### Problem description:
Word for word, restate the line containing "GANAR EL MUNDO." and all the lines that come after it in the entries below. Include nothing from before it.

### Records from a data collection:

***

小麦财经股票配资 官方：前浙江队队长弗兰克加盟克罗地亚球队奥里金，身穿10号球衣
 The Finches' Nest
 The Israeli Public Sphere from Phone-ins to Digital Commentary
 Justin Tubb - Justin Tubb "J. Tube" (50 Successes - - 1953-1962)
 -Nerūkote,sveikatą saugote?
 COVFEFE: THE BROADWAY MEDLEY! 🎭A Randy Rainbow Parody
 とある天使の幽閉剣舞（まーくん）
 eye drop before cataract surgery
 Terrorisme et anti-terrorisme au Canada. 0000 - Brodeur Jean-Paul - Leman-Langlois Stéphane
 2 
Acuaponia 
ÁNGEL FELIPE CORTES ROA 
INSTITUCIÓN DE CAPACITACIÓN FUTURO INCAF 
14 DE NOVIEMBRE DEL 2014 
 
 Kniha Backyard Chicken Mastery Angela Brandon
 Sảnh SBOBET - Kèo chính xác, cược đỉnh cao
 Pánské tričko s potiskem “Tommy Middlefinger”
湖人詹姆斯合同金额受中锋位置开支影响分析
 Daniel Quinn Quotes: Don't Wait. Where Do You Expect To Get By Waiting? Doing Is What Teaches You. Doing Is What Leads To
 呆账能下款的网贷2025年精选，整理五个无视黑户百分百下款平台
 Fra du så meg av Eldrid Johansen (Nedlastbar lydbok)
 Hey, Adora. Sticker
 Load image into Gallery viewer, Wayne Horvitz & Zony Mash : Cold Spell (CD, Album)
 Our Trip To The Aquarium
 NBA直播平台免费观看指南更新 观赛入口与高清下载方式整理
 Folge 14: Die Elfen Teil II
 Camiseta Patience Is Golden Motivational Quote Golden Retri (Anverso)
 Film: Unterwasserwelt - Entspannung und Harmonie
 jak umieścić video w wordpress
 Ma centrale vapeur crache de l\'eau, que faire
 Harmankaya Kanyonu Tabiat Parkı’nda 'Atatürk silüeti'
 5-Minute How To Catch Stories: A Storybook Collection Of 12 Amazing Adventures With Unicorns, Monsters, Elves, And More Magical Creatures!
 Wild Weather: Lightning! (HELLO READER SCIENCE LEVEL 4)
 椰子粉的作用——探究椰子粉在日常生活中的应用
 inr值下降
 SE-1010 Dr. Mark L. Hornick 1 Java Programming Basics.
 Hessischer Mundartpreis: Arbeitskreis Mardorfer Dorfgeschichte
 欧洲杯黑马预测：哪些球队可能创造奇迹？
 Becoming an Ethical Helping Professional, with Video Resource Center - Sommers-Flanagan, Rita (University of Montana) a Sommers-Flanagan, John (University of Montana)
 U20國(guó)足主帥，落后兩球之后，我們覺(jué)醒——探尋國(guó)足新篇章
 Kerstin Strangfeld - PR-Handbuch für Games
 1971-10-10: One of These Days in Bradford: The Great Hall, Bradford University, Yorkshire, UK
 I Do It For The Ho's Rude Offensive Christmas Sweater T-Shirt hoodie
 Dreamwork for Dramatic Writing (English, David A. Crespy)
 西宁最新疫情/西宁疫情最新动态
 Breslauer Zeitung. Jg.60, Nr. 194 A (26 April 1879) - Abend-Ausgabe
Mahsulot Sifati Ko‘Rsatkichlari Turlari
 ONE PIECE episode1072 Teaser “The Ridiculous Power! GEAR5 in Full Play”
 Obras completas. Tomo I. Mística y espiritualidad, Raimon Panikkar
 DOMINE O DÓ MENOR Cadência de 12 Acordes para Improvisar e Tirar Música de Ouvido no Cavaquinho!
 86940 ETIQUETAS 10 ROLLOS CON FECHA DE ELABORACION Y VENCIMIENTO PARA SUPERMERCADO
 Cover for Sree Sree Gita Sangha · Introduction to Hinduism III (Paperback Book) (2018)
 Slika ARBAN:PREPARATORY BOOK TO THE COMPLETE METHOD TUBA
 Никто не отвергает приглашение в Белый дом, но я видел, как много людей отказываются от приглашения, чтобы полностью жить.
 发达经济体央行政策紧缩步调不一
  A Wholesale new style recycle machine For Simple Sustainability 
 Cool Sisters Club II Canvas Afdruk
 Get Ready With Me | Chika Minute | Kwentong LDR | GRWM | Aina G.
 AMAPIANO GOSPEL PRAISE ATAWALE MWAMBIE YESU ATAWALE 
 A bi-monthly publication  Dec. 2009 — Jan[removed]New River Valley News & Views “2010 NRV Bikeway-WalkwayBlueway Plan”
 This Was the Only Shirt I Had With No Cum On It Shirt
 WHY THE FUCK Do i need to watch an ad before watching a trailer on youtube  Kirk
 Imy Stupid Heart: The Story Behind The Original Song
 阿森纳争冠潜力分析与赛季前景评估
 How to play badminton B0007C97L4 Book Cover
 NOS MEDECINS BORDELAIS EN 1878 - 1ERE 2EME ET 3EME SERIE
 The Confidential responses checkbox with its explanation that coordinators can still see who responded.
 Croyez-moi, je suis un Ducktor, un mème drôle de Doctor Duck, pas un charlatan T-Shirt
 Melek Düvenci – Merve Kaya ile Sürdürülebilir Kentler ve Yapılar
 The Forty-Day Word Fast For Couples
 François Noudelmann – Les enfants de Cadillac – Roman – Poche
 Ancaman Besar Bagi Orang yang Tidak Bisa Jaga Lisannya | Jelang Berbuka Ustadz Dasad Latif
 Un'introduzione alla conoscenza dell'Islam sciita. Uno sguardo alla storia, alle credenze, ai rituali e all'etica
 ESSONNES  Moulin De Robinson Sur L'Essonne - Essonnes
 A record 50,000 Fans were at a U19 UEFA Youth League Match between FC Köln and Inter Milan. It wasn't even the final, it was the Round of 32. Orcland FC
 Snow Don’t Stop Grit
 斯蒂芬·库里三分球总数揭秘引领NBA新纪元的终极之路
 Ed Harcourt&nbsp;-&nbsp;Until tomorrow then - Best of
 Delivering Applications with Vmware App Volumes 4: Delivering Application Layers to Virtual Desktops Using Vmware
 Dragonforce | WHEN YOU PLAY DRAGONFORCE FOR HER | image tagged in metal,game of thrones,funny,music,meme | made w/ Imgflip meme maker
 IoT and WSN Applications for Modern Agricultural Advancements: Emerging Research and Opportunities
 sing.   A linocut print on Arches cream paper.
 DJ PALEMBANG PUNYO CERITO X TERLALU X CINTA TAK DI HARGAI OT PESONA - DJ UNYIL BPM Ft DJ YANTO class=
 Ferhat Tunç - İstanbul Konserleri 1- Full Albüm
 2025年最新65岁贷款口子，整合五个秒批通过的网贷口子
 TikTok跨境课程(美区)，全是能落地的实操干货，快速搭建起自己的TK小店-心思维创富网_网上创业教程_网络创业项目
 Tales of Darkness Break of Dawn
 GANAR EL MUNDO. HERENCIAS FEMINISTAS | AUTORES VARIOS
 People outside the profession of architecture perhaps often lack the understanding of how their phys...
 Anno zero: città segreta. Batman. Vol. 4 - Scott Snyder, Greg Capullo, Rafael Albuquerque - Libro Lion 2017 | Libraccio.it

***

### Response area:
 GANAR EL MUNDO. HERENCIAS FEMINISTAS | AUTORES VARIOS
 People outside the profession of architecture perhaps often lack the understanding of how their phys...
 Anno zero: città segreta. Batman. Vol. 4 - Scott Snyder, Greg Capullo, Rafael Albuquerque - Libro Lion 2017 | Libraccio.it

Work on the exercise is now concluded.